Task to carry out: Pictures aside, write out the data exactly as it reads.

Supplied information:
....
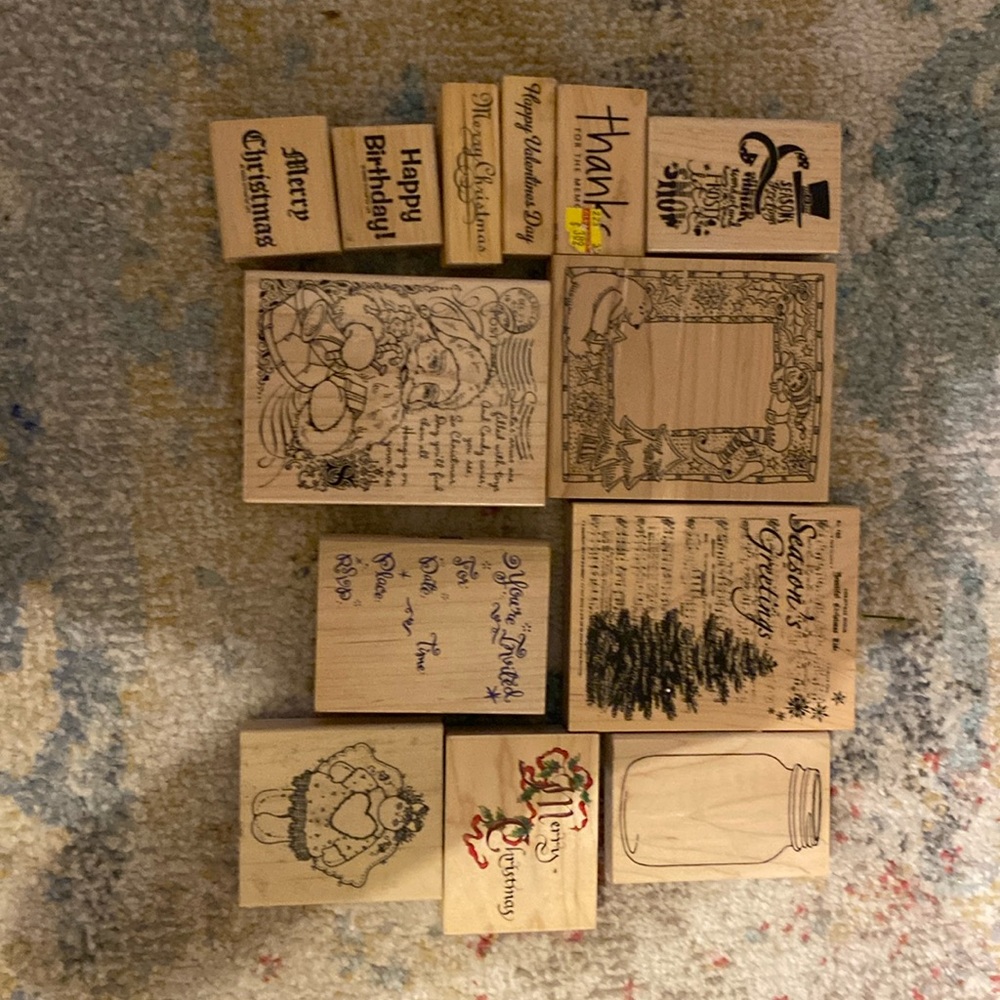 13 rubber stamps mounted to wood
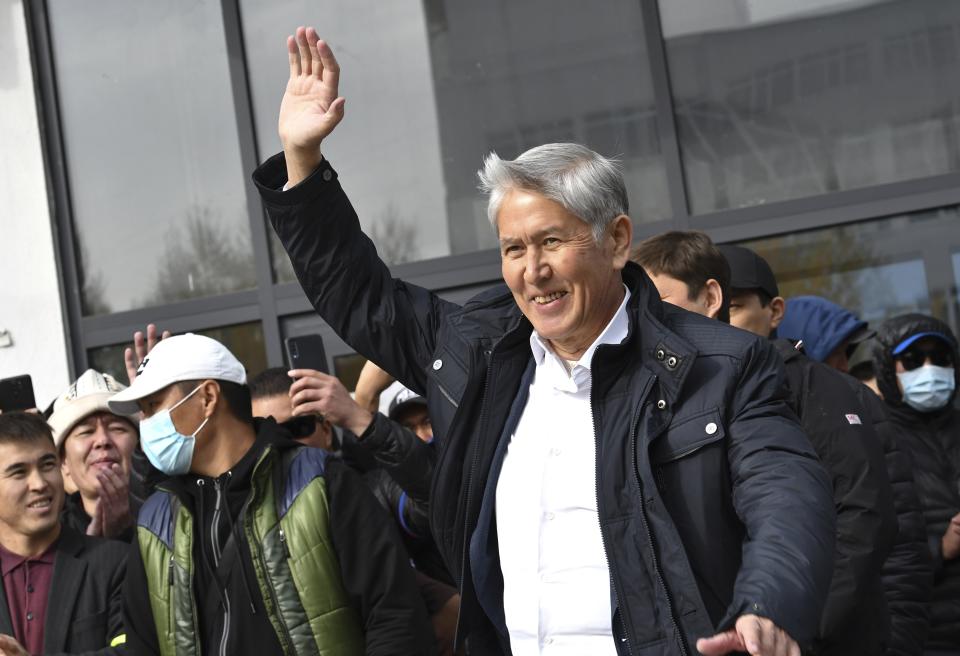 Former President Almazbek Atambayev waves to his supporters in Bishkek, Kyrgyzstan, Friday, Oct. 9, 2020. Sooronbai Jeenbekov, the embattled president of Kyrgyzstan, has moved to end the political turmoil that followed a disputed parliamentary election, ordering a state of emergency in the capital. Jeenbekov has faced calls to resign by protesters who stormed government buildings after Sunday’s parliamentary vote was reportedly swept by pro-government parties. Protesters freed former President Almazbek Atambayev, who was jailed on charges seen by his supporters as a political vendetta. (AP Photo/Vladimir Voronin)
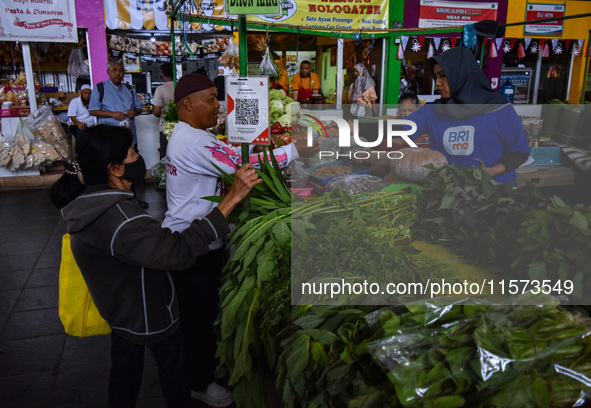 Activities of visitors and vegetable traders at Oro Oro Dowo traditional market in Malang, East Java, Indonesia, on September 14, 2024. This...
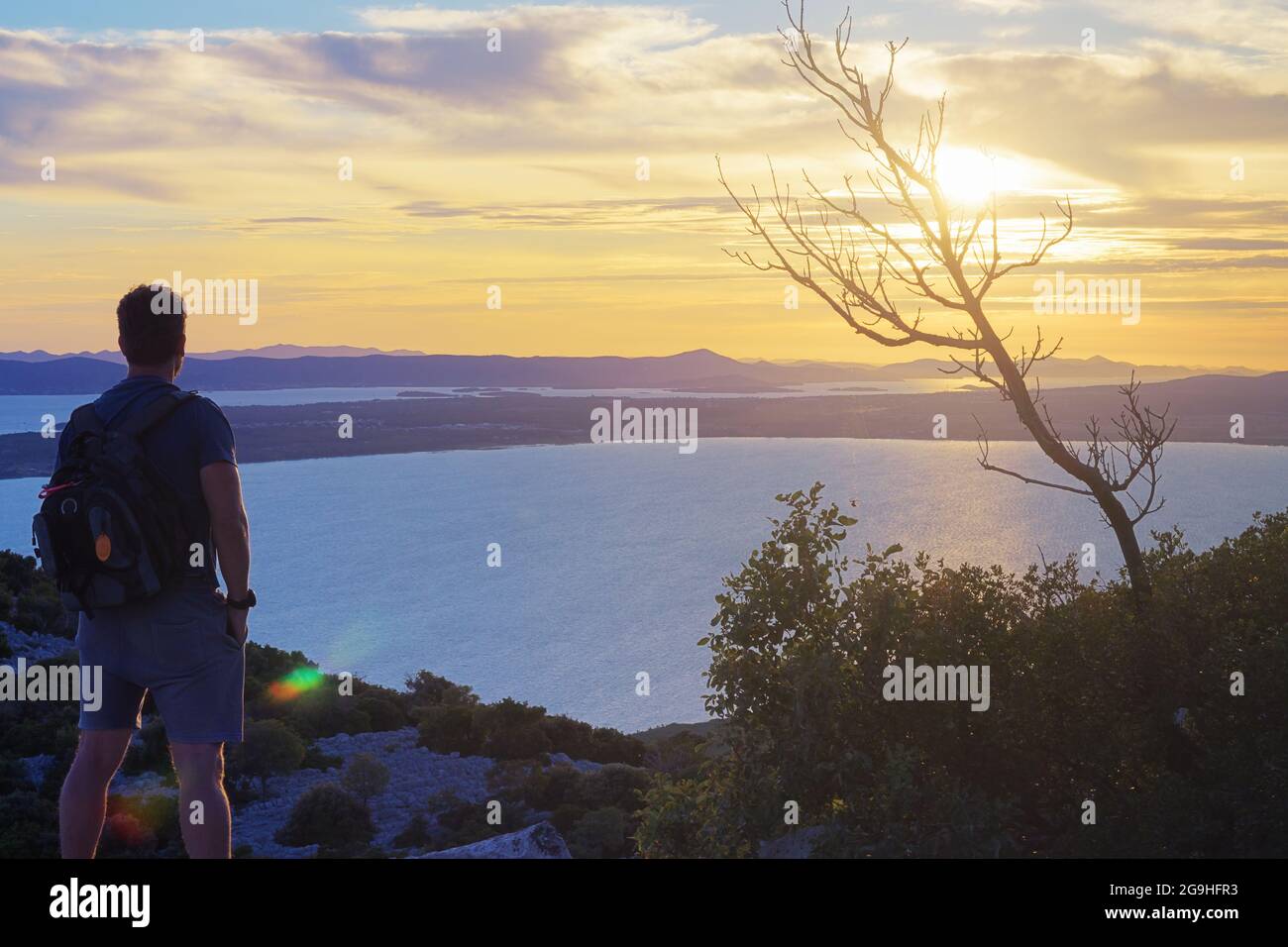 Männlicher Wanderer auf dem Hügel, der einen wunderschönen Sonnenuntergang über der Adria beobachtet. Konzepte für Wandern, Leistung, Erwartung, Optimismus und Selbstreflexion. Stockfoto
....
Exercise response:
 13 rubber stamps mounted to wood
 Former President Almazbek Atambayev waves to his supporters in Bishkek, Kyrgyzstan, Friday, Oct. 9, 2020. Sooronbai Jeenbekov, the embattled president of Kyrgyzstan, has moved to end the political turmoil that followed a disputed parliamentary election, ordering a state of emergency in the capital. Jeenbekov has faced calls to resign by protesters who stormed government buildings after Sunday’s parliamentary vote was reportedly swept by pro-government parties. Protesters freed former President Almazbek Atambayev, who was jailed on charges seen by his supporters as a political vendetta. (AP Photo/Vladimir Voronin)
 Activities of visitors and vegetable traders at Oro Oro Dowo traditional market in Malang, East Java, Indonesia, on September 14, 2024. This...
 Männlicher Wanderer auf dem Hügel, der einen wunderschönen Sonnenuntergang über der Adria beobachtet. Konzepte für Wandern, Leistung, Erwartung, Optimismus und Selbstreflexion. Stockfoto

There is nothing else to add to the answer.